One hundred and twenty five years ago this May, Harriet Lyon became the first woman to earn a degree at West Virginia University. A free symposium hosted by WVU Libraries March 15-17 will explore Lyon’s legacy and the advancements for women since her pioneering achievement.
“We are excited and honored to pay tribute to the people whose commitment to women’s education have benefited generations of students, faculty and staff at West Virginia University,” said Carroll Wilkinson, director of Strategic Library Initiatives for WVU Libraries.
The three-day program, which is free and open to the public, builds upon the work of the celebration of the Centenary of women’s graduation in 1991. Wilkinson collaborated with librarians and library staff to create a lineup of a lecture, a forum, a panel discussion, a workshop, exhibits and a student poster session.
“Along with addressing the achievements and struggles of WVU’s women over 125 years, we will focus on recent achievements and share new perspectives on WVU women’s history,” Wilkinson said. “Our hope is this study will help us expand our understanding of our University.”
Activities begin at 4 p.m. March 15 with an opening program in the Robinson Reading Room, Charles C. Wise Library. On March 16 there will be multiple presentations, a panel discussion, a poster session and a hands-on workshop.
The keynote address from Dr. Regina Barreca, Professor of English and Feminist Theory at University of Connecticut, is scheduled for 7:30 p.m. March 16 in the Milano Reading Room in the Charles C. Wise Library. The presentation is titled “Courage, Curiosity, and Conviction: Celebrating 125 Years of Educating Women at WVU.”
“Barreca will use her vast knowledge of feminist education, her contagious sense of humor, and her lived experience as one of the first women to go to Dartmouth College in the 1970s, to provide context for the core meaning of the 125th anniversary celebration of coeducation at WVU,” Wilkinson said.
Additional programs on March 16 include:
• In “Breaking through a Glass Ceiling in Mathematics,” Dr. Marjorie Darrah, associate professor of mathematics at WVU and the first woman to receive a PhD. in mathematics at WVU, will reflect on her experiences and changes at the University over the last 25 years. Dr. Amy Keesee, research assistant professor of physics and past president of the local American Women of Science (AWIS) chapter, will moderate this session.

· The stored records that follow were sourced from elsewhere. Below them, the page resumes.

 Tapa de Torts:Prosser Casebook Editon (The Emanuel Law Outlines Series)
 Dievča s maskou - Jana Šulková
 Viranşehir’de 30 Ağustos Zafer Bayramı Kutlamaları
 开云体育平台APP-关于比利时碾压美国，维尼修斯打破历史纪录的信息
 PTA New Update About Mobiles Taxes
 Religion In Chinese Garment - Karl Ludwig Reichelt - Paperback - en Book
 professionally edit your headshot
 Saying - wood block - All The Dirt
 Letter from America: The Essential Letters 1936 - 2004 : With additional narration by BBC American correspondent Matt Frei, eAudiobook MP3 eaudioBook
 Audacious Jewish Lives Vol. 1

AWIS is a co-sponsor of this event. (10:45 a.m.-noon in the Robinson Reading Room)
• “A Discussion of the Triumphs & Tribulations of WVU Sisterhood during the Last Twenty-five Years” brings together panelists from throughout campus: Dr. Ethel Smith, associate professor of English; Martha Yancey, interim director of the Evansdale Library; Dr.Marjorie Fuller, director of the Center for Black Culture and Research; and Cathy Jasper, program coordinator, WVU ADVANCE Center. The forum is part of WVU Libraries’ Diversity Alliance and coordinated by the Visiting Librarians of WVU Libraries’ Residency Program, Ashleigh Coren, Chanelle Pickens and Lisette Hernanadez, who will moderate.(4-5 p.m. in the Mountainlair’s Laurel Room)
• A Wikipedia Edit-a-thon will provide training on writing for Wikipedia. Kelly Doyle, WVU Libraries’ Wikipedian-in-Residence for Gender Equity, will guide participants through creating an account to editing an existing article about a West Virginia woman or posting an original researched article with references on the online encyclopedia. Participants should bring their own laptops and mobile devices.

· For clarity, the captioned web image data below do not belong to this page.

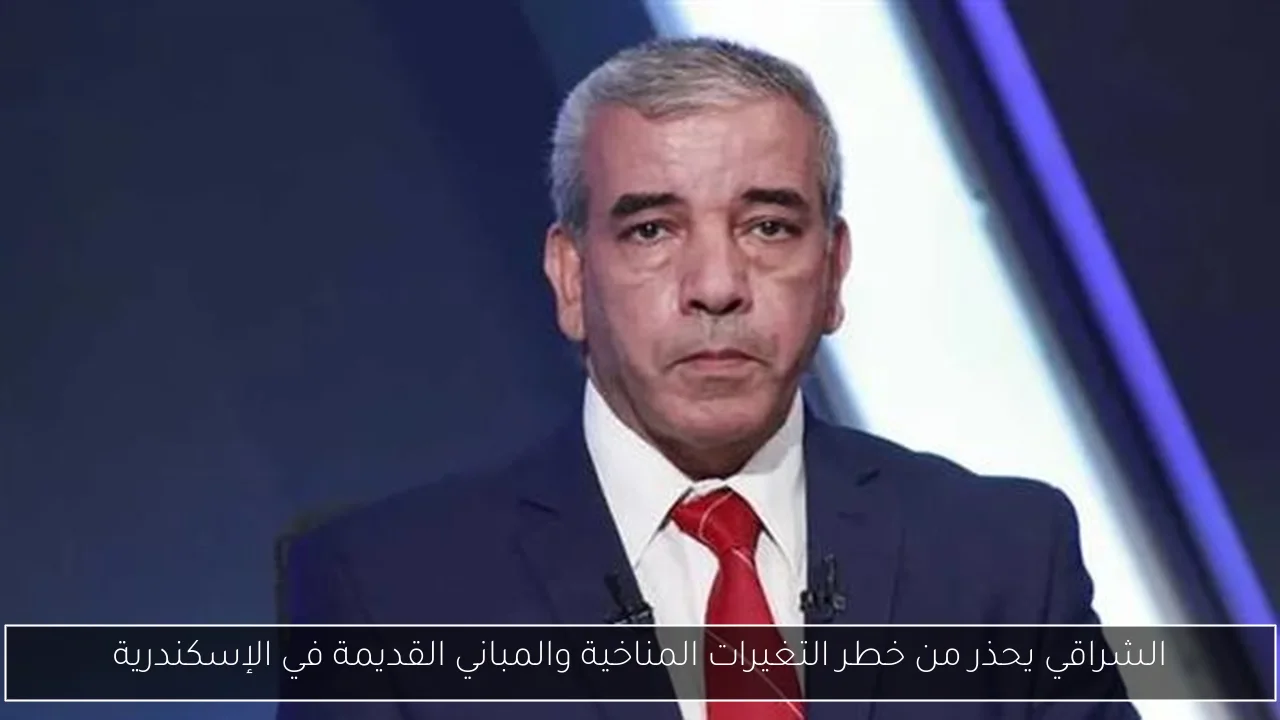 الشراقي يحذر من خطر التغيرات المناخية والمباني القديمة في الإسكندرية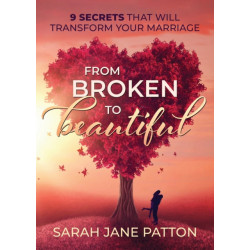 From Broken to Beautiful: 9 Secrets That Will Transform Your Marriage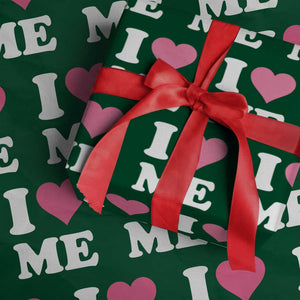 I Love Me Wrapping Paper Roll Funny Self Love Pink Heart Positive Vibes TS10 Green Print Your Wear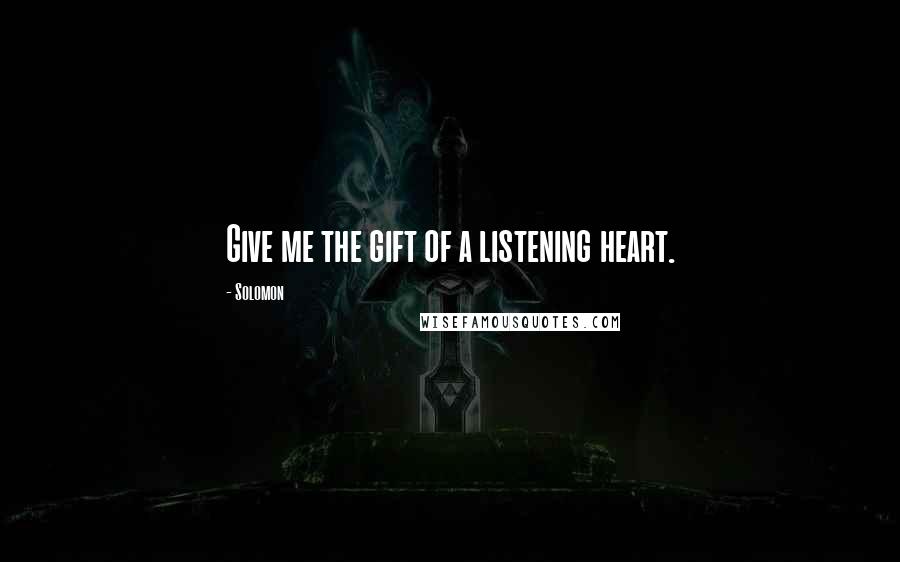 Solomon Quotes: Give me the gift of a listening heart.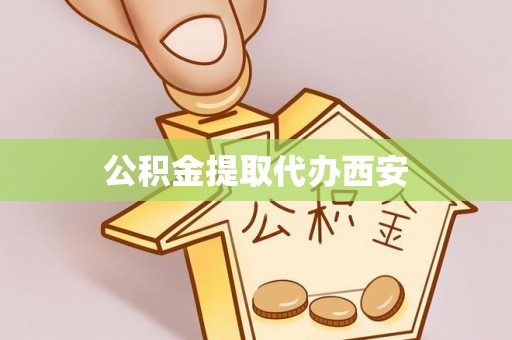 费县公积金提取代办西安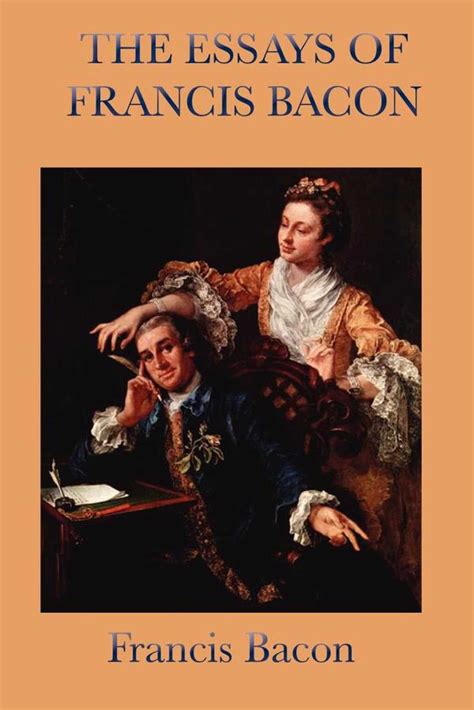 Essays Of Francis Bacon Ebook By Francis Bacon Official Publisher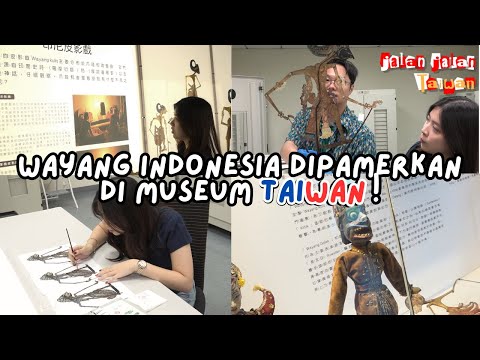 Museum Boneka di Taiwan tampilkan WAYANG TRADISIONAL INDONESIA, koleksinya belasan !! 😆✨ JJT EP17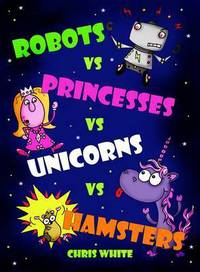 Book Cover for Robots Vs Princesses Vs Unicorns Vs Hamsters by Chris White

“This is the third edit-a-thon I have held as the Libraries’ Wikipedian in Residence for Gender Equity, and I am excited to encourage writers on campus to join in our campaign” Doyle said.
(1-3 p.m. in Downtown Campus Library, Room 2036)

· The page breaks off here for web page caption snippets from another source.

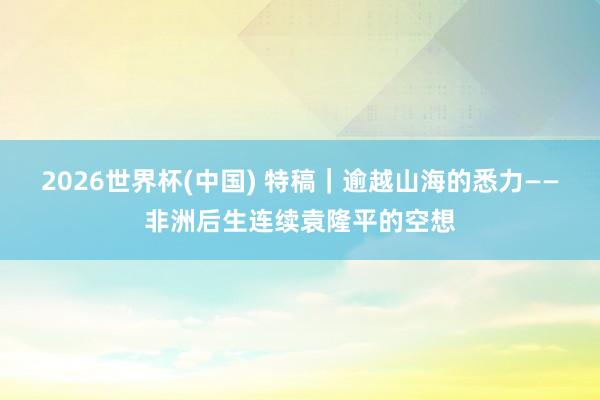 2026世界杯(中國) 特稿｜逾越山海的悉力——非洲后生連續袁隆平的空想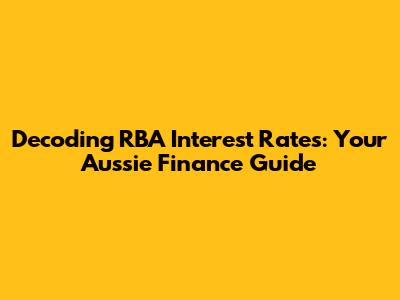 Decoding RBA Interest Rates: Your Aussie Finance Guide
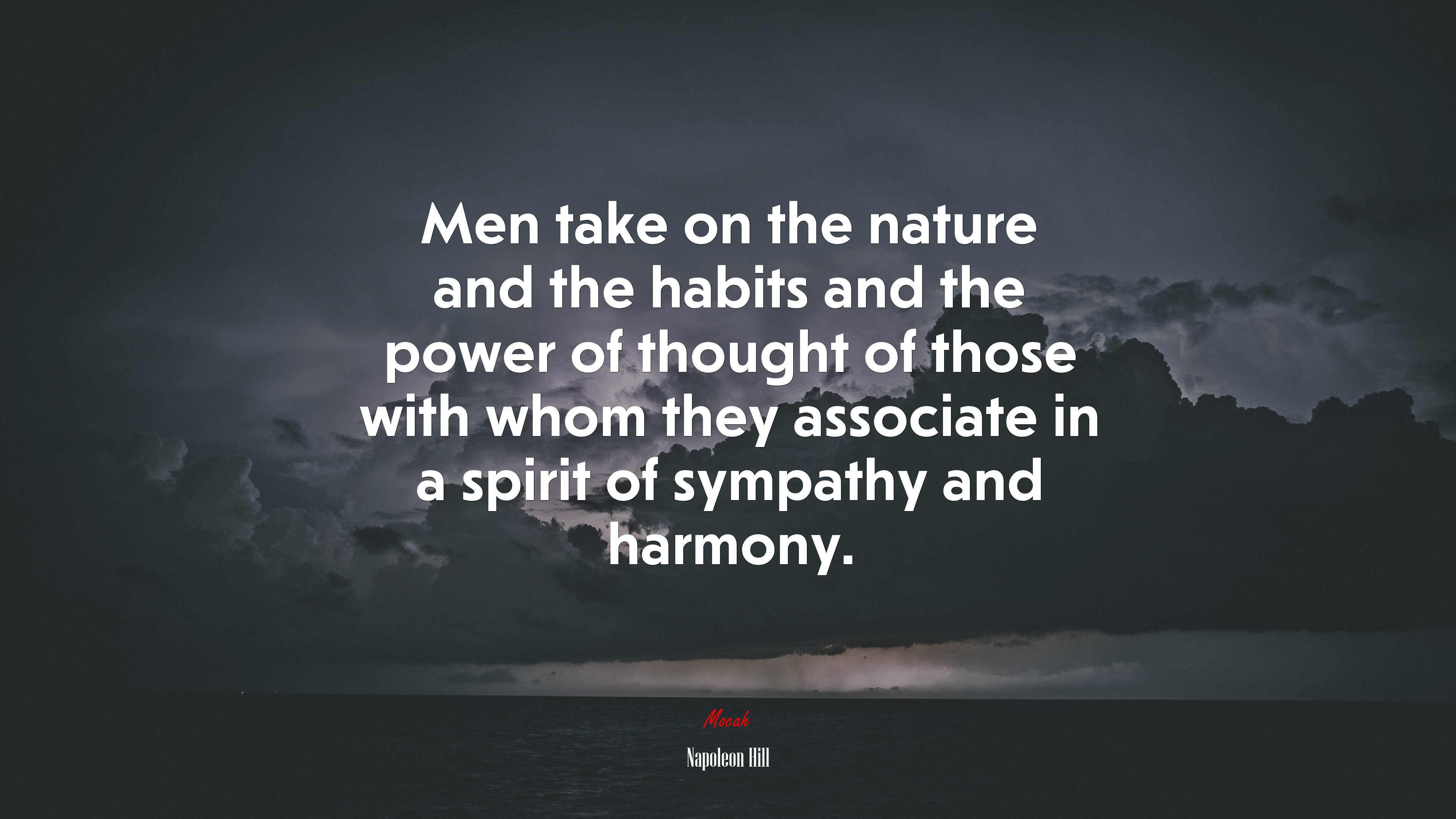Men take on the nature and the habits and the power of thought of those with whom they associate in a spirit of sympathy and harmony. | Napoleon Hill quote HD Wallpaper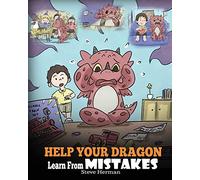Help Your Dragon Learn From Mistakes: Teach Your Dragon It’s OK to Make Mistakes. A Cute Children Story To Teach Kids About Perfectionism and How To Accept Failures.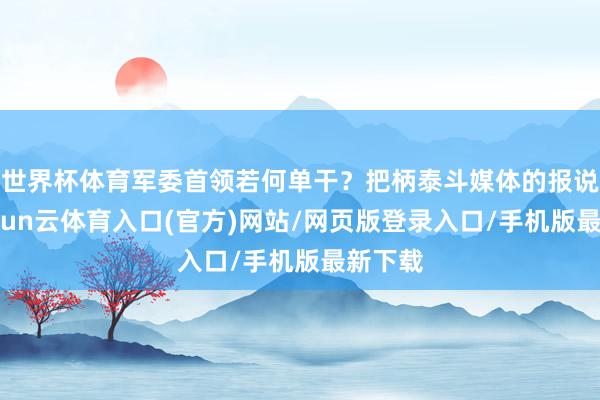 世界杯体育军委首领若何单干?把柄泰斗媒体的报说念-开yun云体育入口(官方)网站/网页版登录入口/手机版最新下载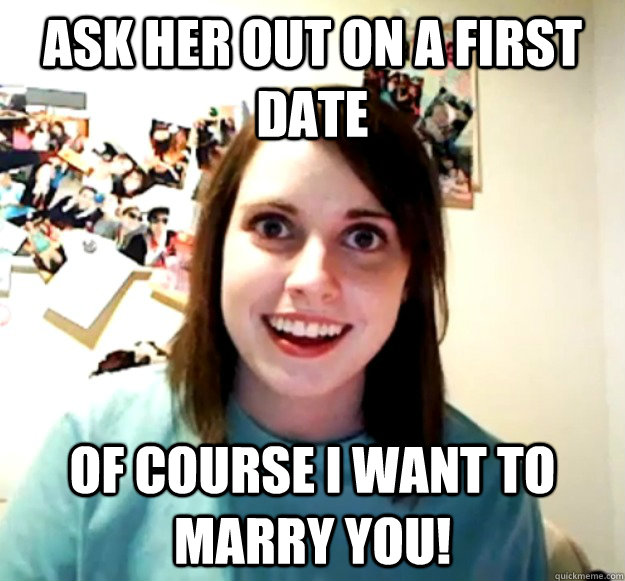 Ask her out on a first date of course I want to marry you!  Overly Attached Girlfriend
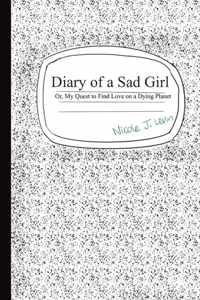 Diary Of A Sad Girl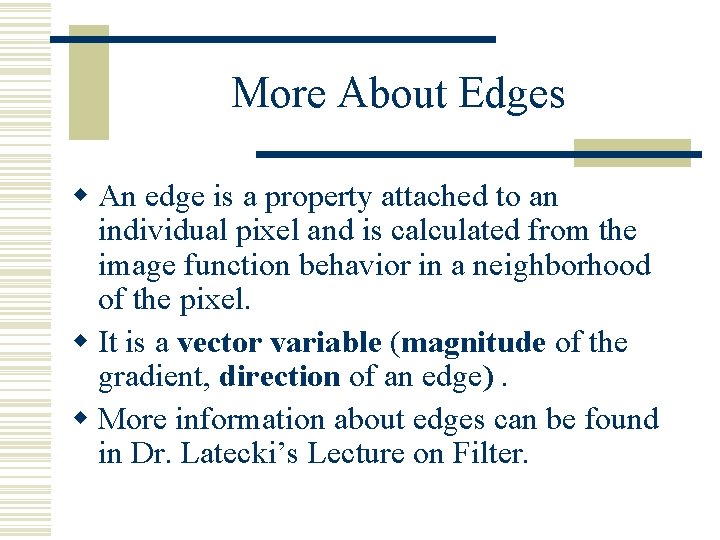 More About Edges w An edge is a property attached to an individual pixel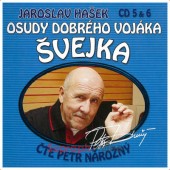 Jaroslav Hašek - Osudy dobrého vojáka Švejka 5 & 6 (2009) /2CD Audiokniha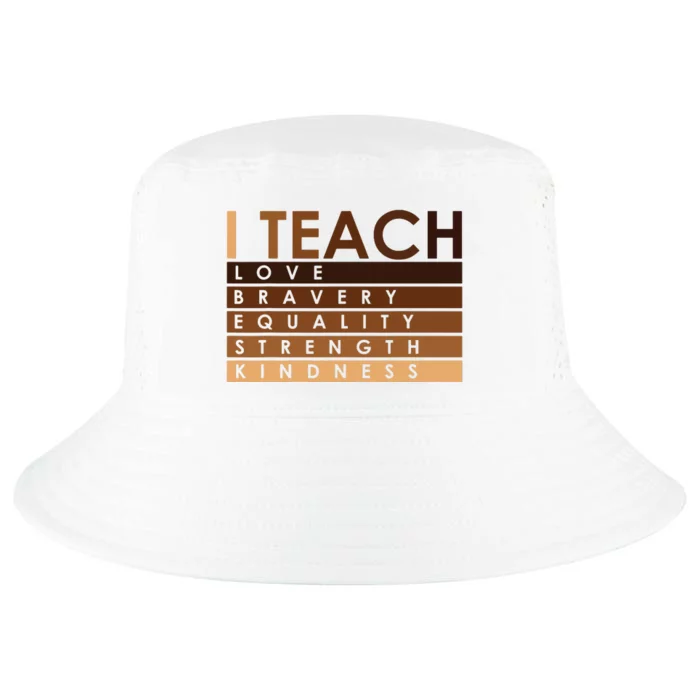 Celebrate Black History Month I Teach Black History Teacher Cool Comfort Performance Bucket Hat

• The exhibits WVU Women: Celebrating 125 Years, 1891-2016 and Appalachian Women and Social Justice, 1891-2016 officially open at 7 p.m. in the Rockefeller Gallery and Milano Reading Room exhibit cases.
The symposium concludes at 10 a.m. March 17 in the Robinson Reading Room with “Excellence through Equity: Are We There Yet?” a conversation with Wilkinson and Judith Gold Stitzel, professor emerita and founding director of the WVU Center for Women and Gender Studies. Barreca will moderate.
Immediately following, the closing session will provide a preview of upcoming events in the University’s celebration of the 125th anniversary of the graduation of women. WVU’s Center for Women’s and Gender Studies will continue this important celebration on campus throughout 2016.
“We welcome students, faculty, staff and area residents to join us for the festivities,” Wilkinson said. “Please feel free to attend any and all sessions. They will be well worth your time.”